Rock Island Armory’s .22 TCM cartridge has been well received, and the company continues to expand the line of pistols that chamber the 2,000+ fps bottleneck round. While it’s very easy to be snobby about the M1911, the Philippines-based maker produces some excellent pistols at a very reasonable price. We’ve seen one of their guns, which retails in the $600 range, do 1.5-inch groups at 25 yards from the Ransom Rest, which would be superb from a gun costing five times that much.

In addition to its original hi-cap (18+1) M1911 in .22 TCM, Rock Island Armory now offers single-stack M1911 pistols for it, in both full-size and Commander-size variants, some of which come with accessory rails. Wisely anticipating that many people might be skittish about purchasing a pistol in a nonstandard caliber out of concern for future ammo availability (9mm AE, anyone?), the TCM is readily convertible to 9mm with a simple barrel and recoil spring change, and 9mm barrels now come with all .22 TCM pistols.

Rock Island also introduced a Glock conversion for the TCM that shoots a .22 TCM cartridge called the TCM9R. Designed to have less bullet protrusion from the cartridge case, it has a shorter overall length so that it will fit into the smaller frame window of a 9mm — as opposed to the generous length of an M1911 frame — which comfortably accepts the significantly longer .38 Super.

Among Rock Island’s other introductions was the Baby Rock .380, a scaled-down M1911 that shoots .380 ACP. Designed with a bit of a flare at the bottom of the frontstrap that helps it fit the hand very well, it’s a bit larger than the Colt Mustang and SIG P238 size mini-M1911 pistols in .380. The size, however, makes it easier to handle (mini .380s can be quite unpleasant to shoot) and gives it added capacity.

Rock Island wasn’t alone: Browning, as part of its Black Label line that is less sporting than defense-oriented, has introduced a powered-up version of their .22 LR M1911 in .380 ACP. A reduced-scale M1911 around 85 percent the size of a Government Model and complete with working grip safety, the Browning rimfire is an excellent training tool and was something of a departure when it comes to little guns that often discard some of the classic M1911 features. Other than Spanish maker Llama, there really haven’t been any other M1911s that were made on a reduced scale but slavishly maintained the features of the big gun. Adding a .380 to Browning’s down-sized line now makes the training pistol a valid option for concealed carry.
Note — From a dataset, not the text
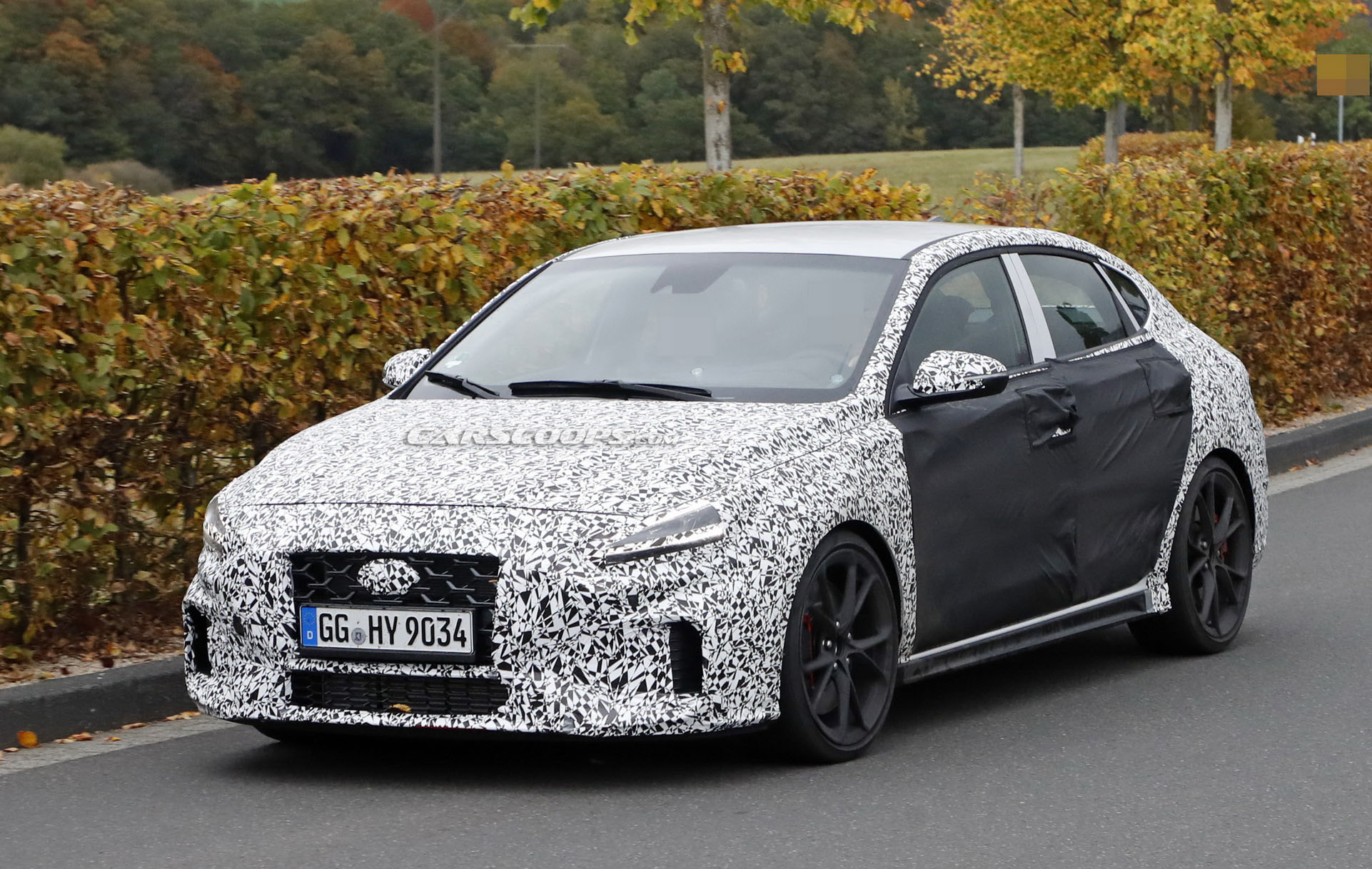 2021 Hyundai i30 N Fastback Facelift Spied, Now With 20% Less Camo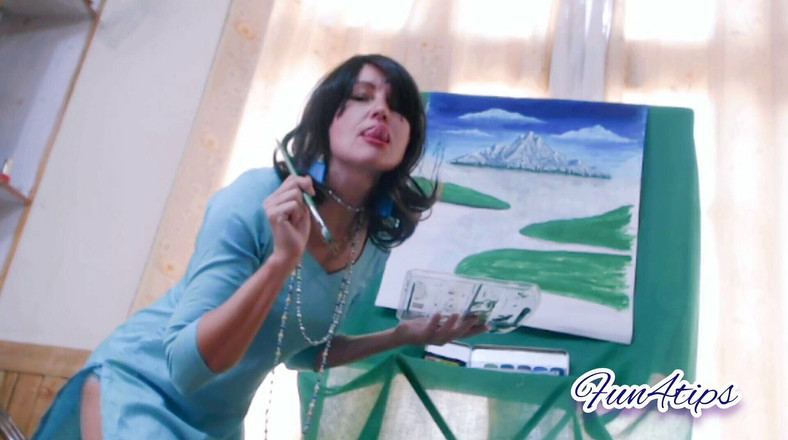 Bolly Karma: सेक्सी पत्नी अपना शरीर चमका रही है।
Glock continued its trademark variation of a proven theme with the introduction of the optics-ready MOS longslide models in 9mm, .40, 10mm auto and .45. Equipped with standard fixed sights, the Modular Optic System consists of an interchangeable plate system designed to serve as a mounting point for a broad range of current optics including the popular Trijicon RMR and others. Numbered from 00 to 04, the 00 plate is the cover plate, and each of the other numbered plates is designed to accept a specific optic. As the slide-mounted optic trend (which was led by the CORE pistols from Smith & Wesson) grows in popularity, it will be interesting to see if Glock incorporates this feature into its more traditional duty-sized pistols such as the G17 and G22 instead of the competition and tactically oriented G34, G35 G41 — and the newly introduced 10mm G40.  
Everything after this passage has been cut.